__Description of the task__:
What you produce should be the lines from the line containing "Premium 3.5 mm" through the last line below, both ends included, reproduced exactly and without pictures.

__Data__:
★ ★ ★ ★

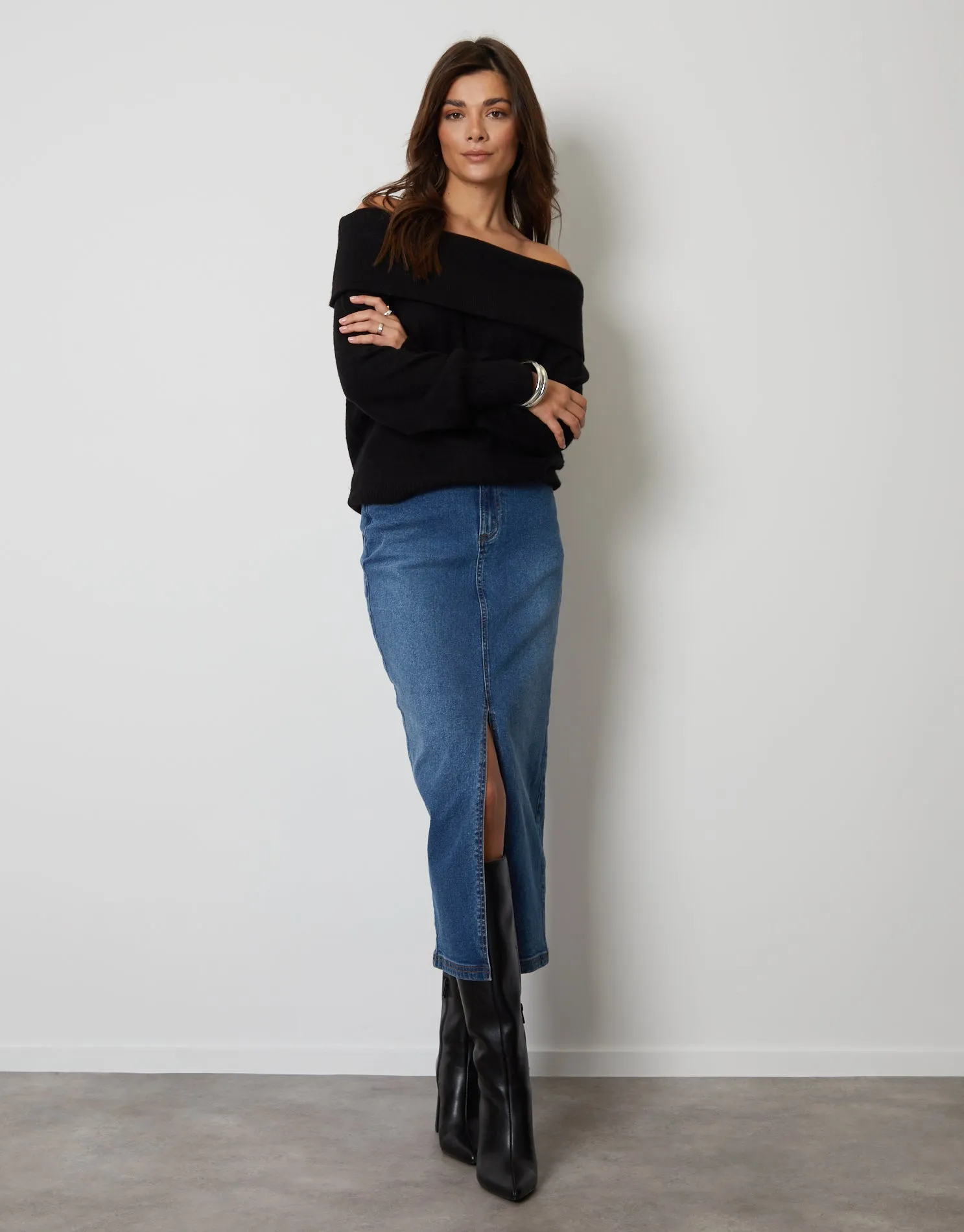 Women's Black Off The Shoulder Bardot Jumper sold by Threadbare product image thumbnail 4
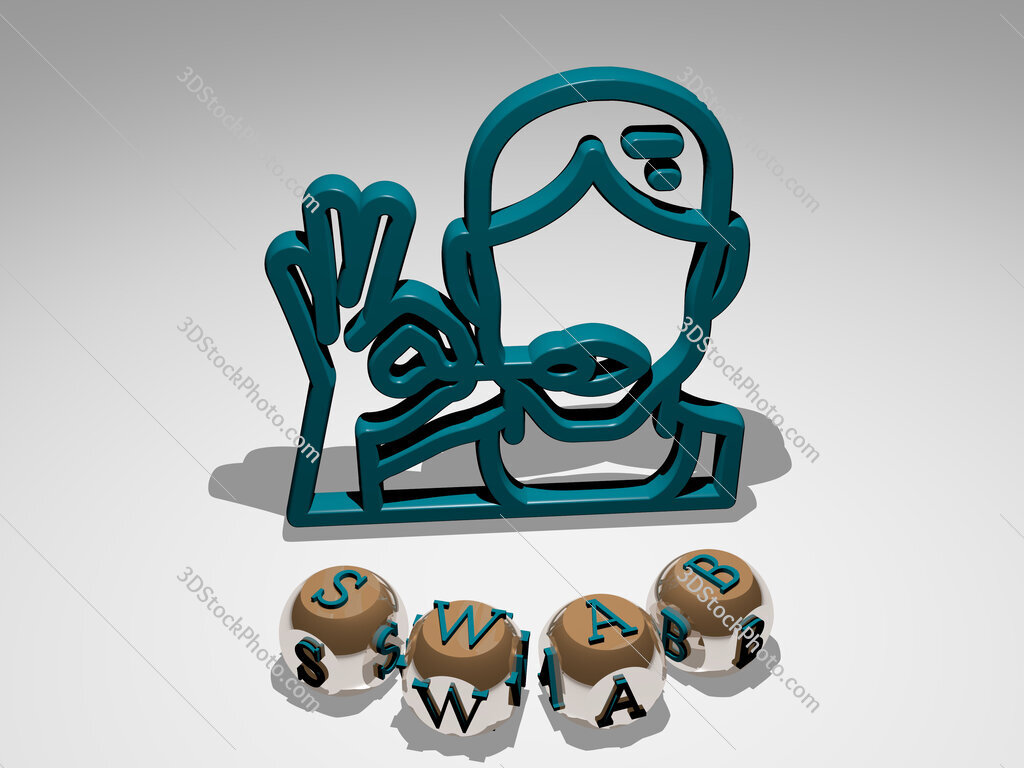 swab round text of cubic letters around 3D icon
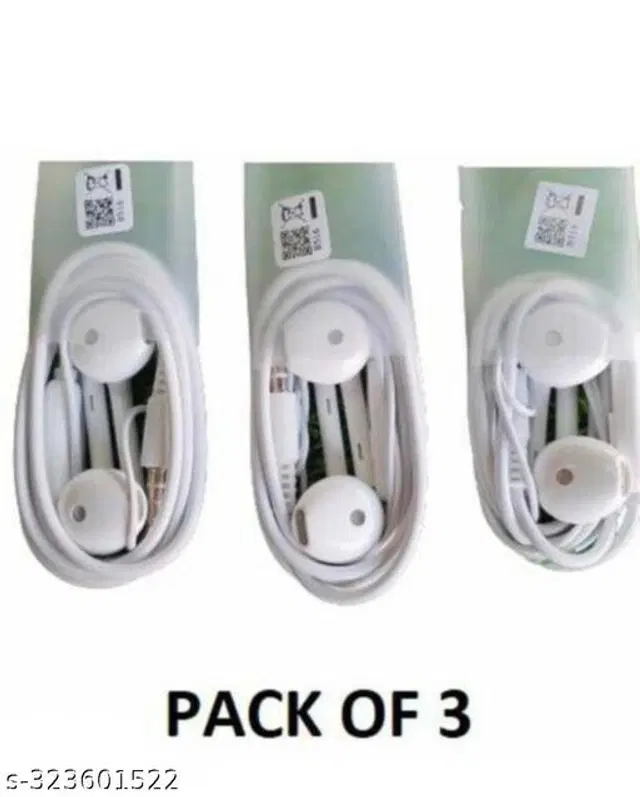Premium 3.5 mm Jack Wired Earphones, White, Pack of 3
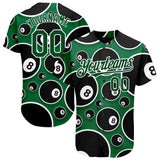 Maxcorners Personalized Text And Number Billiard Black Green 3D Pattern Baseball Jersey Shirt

★ ★ ★ ★

__Answer__:
Premium 3.5 mm Jack Wired Earphones, White, Pack of 3
 Maxcorners Personalized Text And Number Billiard Black Green 3D Pattern Baseball Jersey Shirt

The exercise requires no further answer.